On-premise users: click in-app to access the full platform documentation for your version of DataRobot.

Apache Spark API for Scoring Code

The Spark API for Scoring Code library integrates DataRobot Scoring Code JARs into Spark clusters. It is available as a PySpark API and a Spark Scala API.

In previous versions, the Spark API for Scoring Code consisted of multiple libraries, each supporting a specific Spark version. Now, one library supports all supported Spark versions. The following Spark versions support this feature:

  • Spark 2.4.1 or greater
  • Spark 3.x

Important

Spark must be compiled for Scala 2.12.

For a list of the deprecated, Spark version-specific libraries, see the Deprecated Spark libraries section.

PySpark API

The PySpark API for Scoring Code is included in the datarobot-predict Python package, released on PyPI. The PyPI project description contains documentation and usage examples.

Spark Scala API

The Spark Scala API for Scoring Code is published on Maven as scoring-code-spark-api. For more information, see the API reference documentation.

Before using the Spark API, you must add it to the Spark classpath. For spark-shell, use the --packages parameter to load the dependencies directly from Maven:

spark-shell --conf "spark.driver.memory=2g" \
     --packages com.datarobot:scoring-code-spark-api:VERSION \
     --jars model.jar

Score a CSV file

The following example illustrates how you can load a CSV file into a Spark DataFrame and score it:

import com.datarobot.prediction.sparkapi.Predictors

val inputDf = spark.read.option("header", true).csv("input_data.csv")

val model = Predictors.getPredictor()
val output = model.transform(inputDf)

output.show()

Load models at runtime

The following examples illustrate how you can load a model's JAR file at runtime instead of using the spark-shell --jars parameter:

Define the PROJECT_ID, the MODEL_ID, and your API_TOKEN.

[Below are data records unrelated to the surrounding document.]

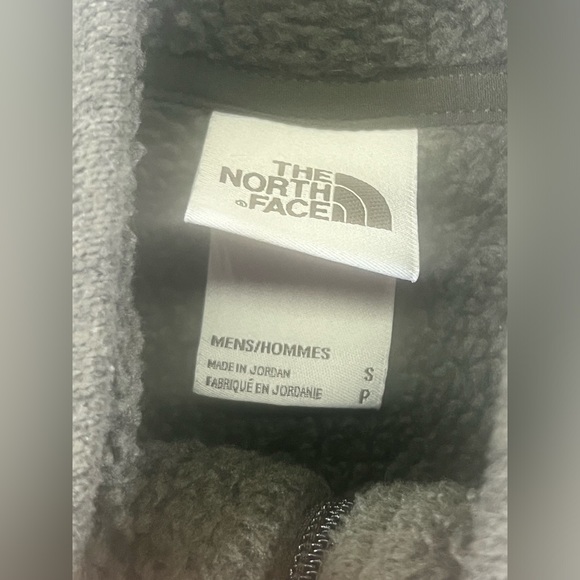 North Face Sweatshirt Mens Small Green Design 1/2 Zip Fleece Line E4 - Picture 3 of 8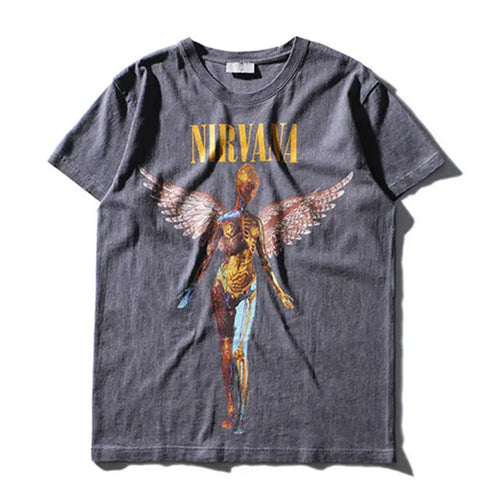 Nirvana - In Utero T-shirt (Heavy Blend) Dark Grey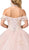 Dancing Queen - 1395 Embellished High Halter Ballgown In Pink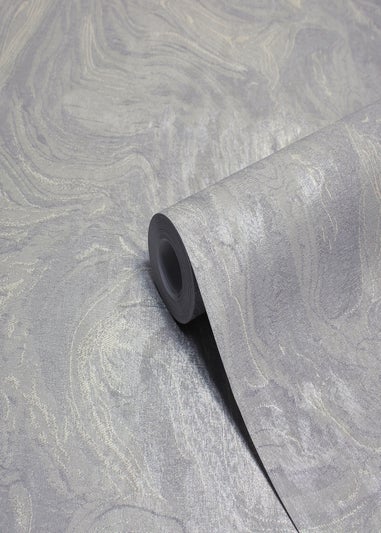 Paoletti Marble Textured Vinyl Wallpaper (53 x 1050cm)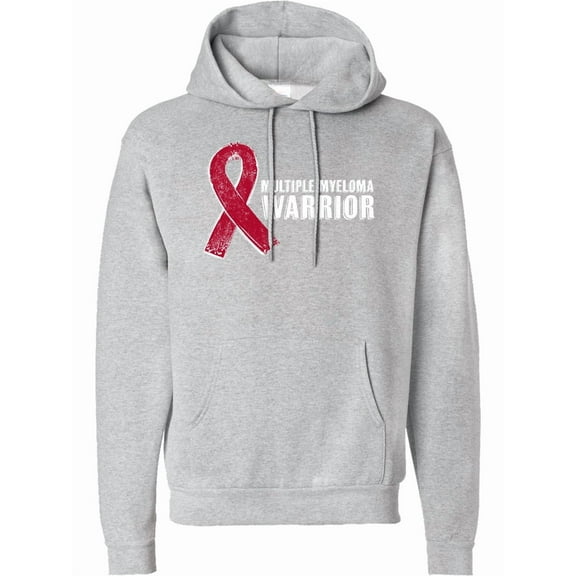 Inktastic Multiple Myeloma Warrior Adult Hoodie Sweatshirt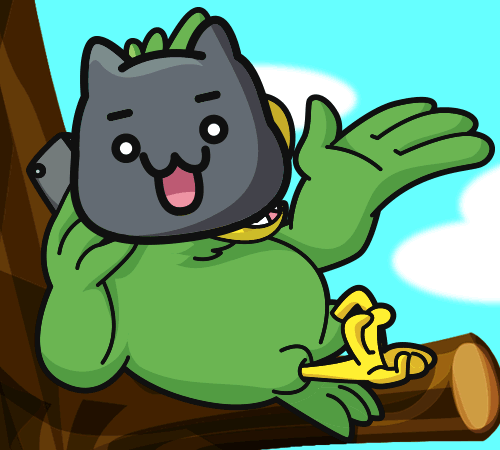 オレオレ詐欺をしかけるトリ
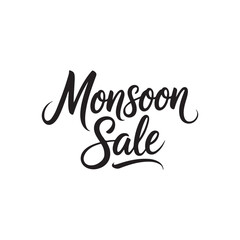 Monsoon Sale typography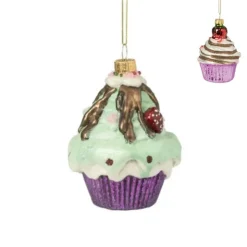 Xenos Kersthanger cupcake - diverse varianten - ø7x10 cm- Kersthangers|Kerstballen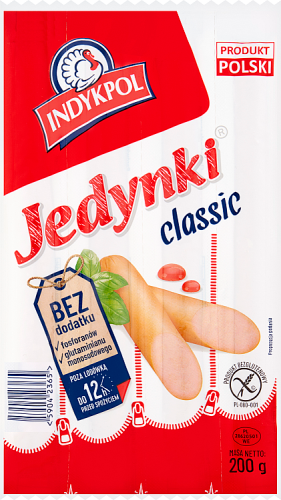 Indykpol Parówki Jedynki classic 200 g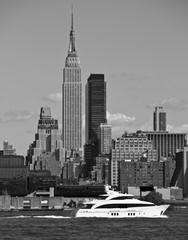 new york cityscape over the hudson river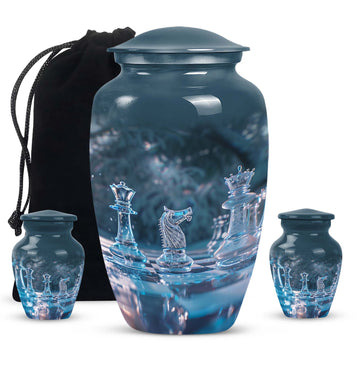 Large Urn with 2 Mini Urn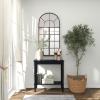 image:imageDeco 79 Wood Console Table Slim Turned 1 Shelf  32 x 12 x 32 Black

val model = Predictors.getPredictorFromServer(
     "https://app.datarobot.com/projects/PROJECT_ID/models/MODEL_ID/blueprint","API_TOKEN")

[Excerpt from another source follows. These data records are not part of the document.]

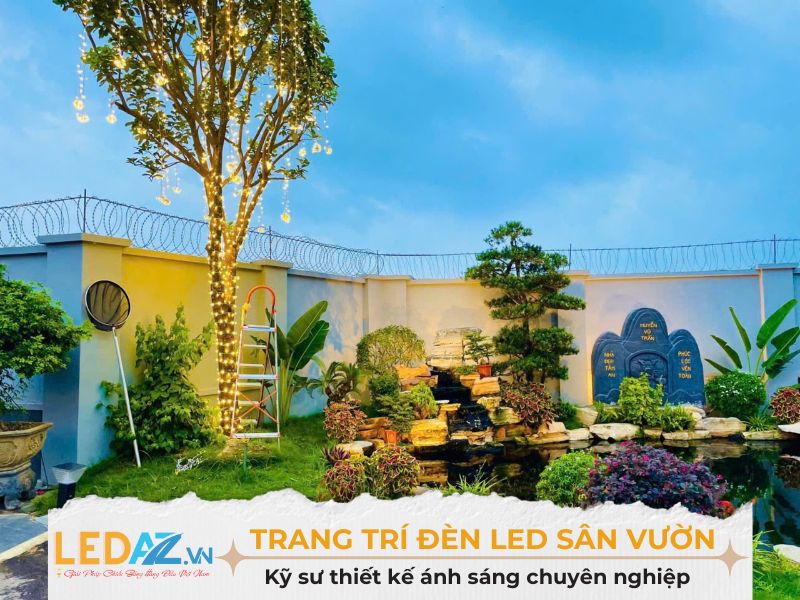 trang-tri-den-led-san-vuon Trang trí đèn led sân vườn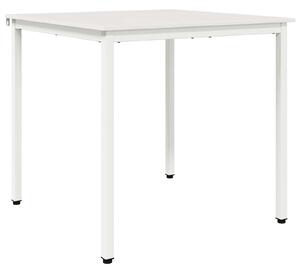 VidaXL Étkezőasztal Fehér 80 x 80 x 75 cm Tömör fenyőfa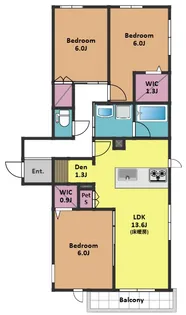 (仮称)白金3丁目メゾン【2階】の間取り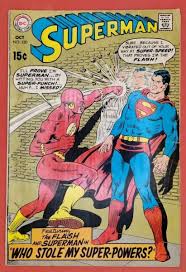 SUPERMAN #220 ~ 1969 DC Comics ~ Flash + Superman Cover And ...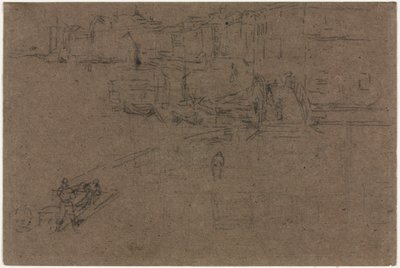 La Riva, Venecia de James Abbott McNeill Whistler
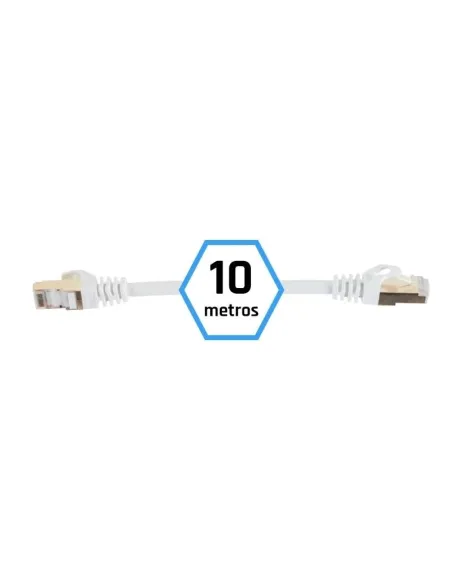 Iggual IGG318621 Cable de Red RJ45 SFTP LSZH Cat7 10m Blanco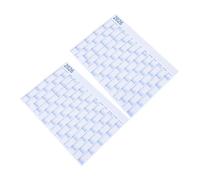 FUNOMOCYA 2 Sets Large Giant Wall Calendar with Stickers and Adhesive Backing Writable Yearly Planner Poster for Family Office School Minimalist Monthly Organizer for Events and Team
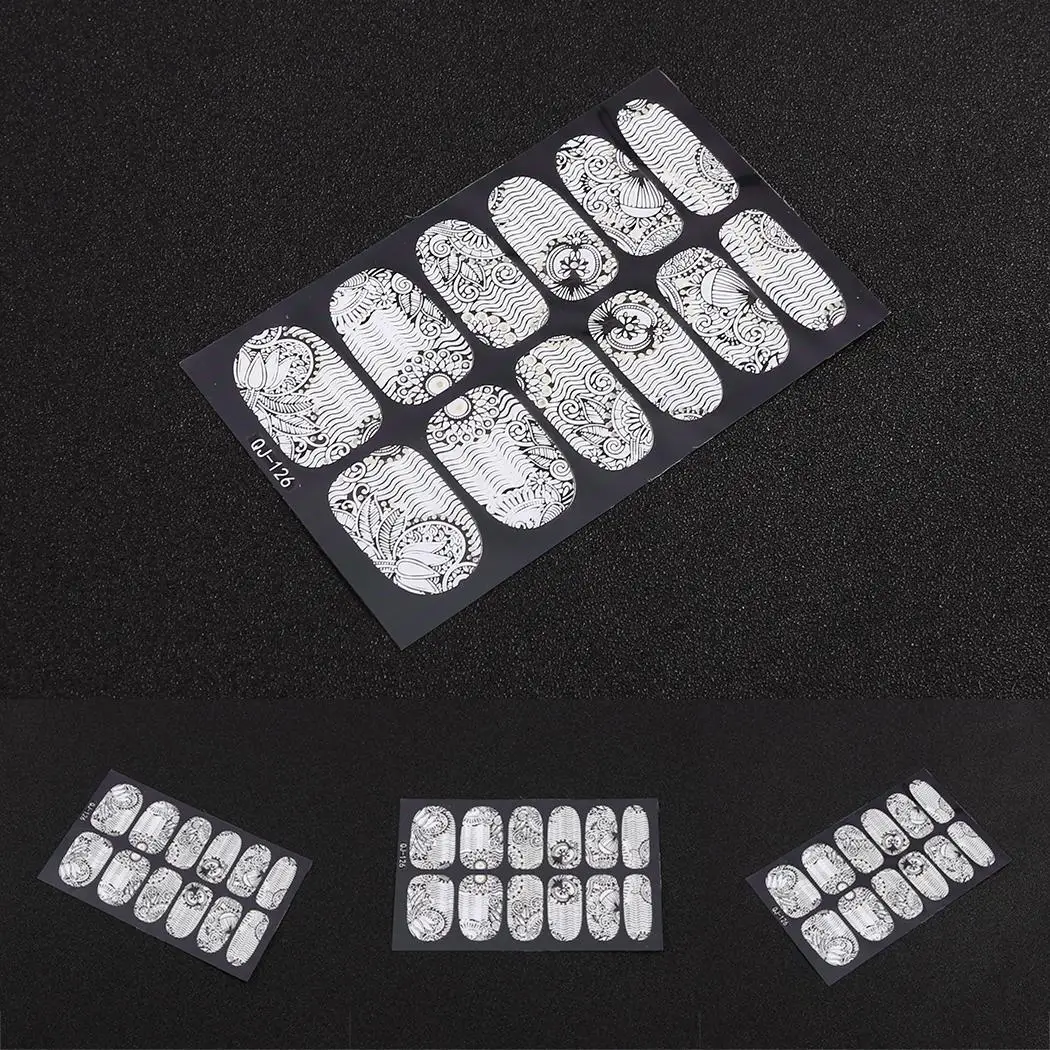 Мода цветок наклейки для ногтей с узорами Фольга Nail Art как изображение инструмент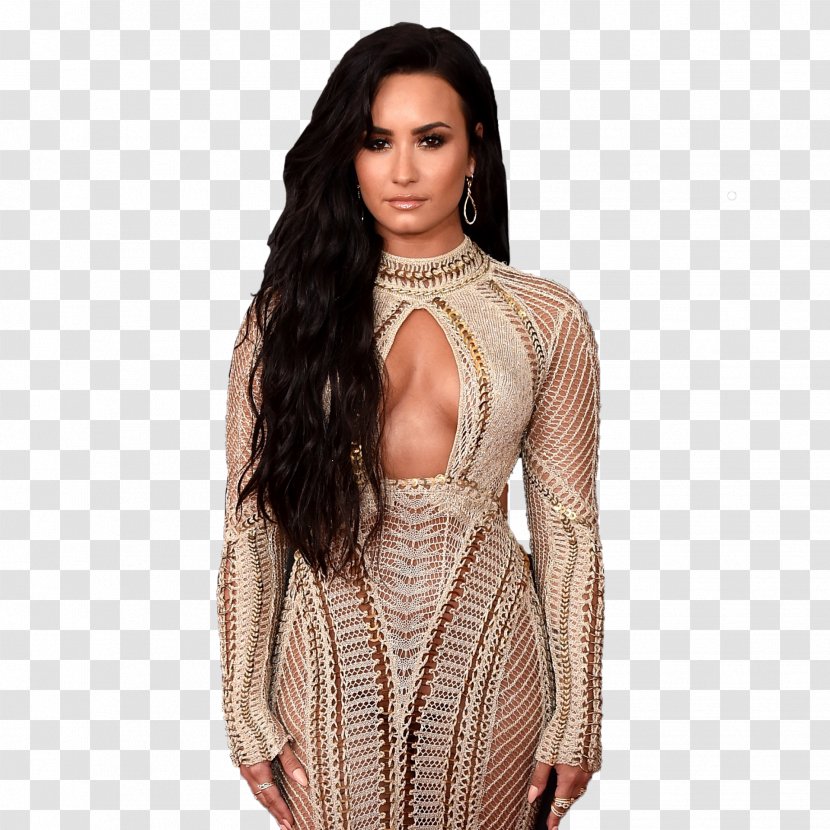 Dress Sleeve Shoulder Beige Brown - Demi Lovato Transparent PNG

Define the path to the model JAR file and the MODEL_ID.

val model = Predictors.getPredictorFromHdfs("path/to/model.jar", spark, "MODEL_ID")

Time series scoring

The following examples illustrate how you can perform time series scoring with the transform method, just as you would with non-time series scoring. In addition, you can customize the time series parameters with the TimeSeriesOptions builder.

If you don't provide additional arguments for a time series model through the TimeSeriesOptions builder, the transform method returns forecast point predictions for an auto-detected forecast point:

val model = Predictors.getPredictor()
val forecastPointPredictions = model.transform(timeSeriesDf)

To define a forecast point, you can use the buildSingleForecastPointRequest() builder method:

import com.datarobot.prediction.TimeSeriesOptions

val tsOptions = new TimeSeriesOptions.Builder().buildSingleForecastPointRequest("2010-12-05")
val model = Predictors.getPredictor(modelId, tsOptions)
val output = model.transform(inputDf)

To return historical predictions, you can define a start date and end date through the buildForecastPointRequest() builder method:

val tsOptions = new TimeSeriesOptions.Builder().buildForecastDateRangeRequest("2010-12-05", "2011-01-02")

For a complete reference, see TimeSeriesOptions javadoc.

Deprecated Spark libraries

Support for Spark versions earlier than 2.4.1 or Spark compiled for Scala earlier than 2.12 is deprecated. If necessary, you can access deprecated libraries published on Maven Central; however, they will not receive any further updates.

The following libraries are deprecated:

Name Spark version Scala version
scoring-code-spark-api_1.6.0 1.6.0 2.10
scoring-code-spark-api_2.4.3 2.4.3 2.11
scoring-code-spark-api_3.0.0 3.0.0 2.12

Updated June 13, 2023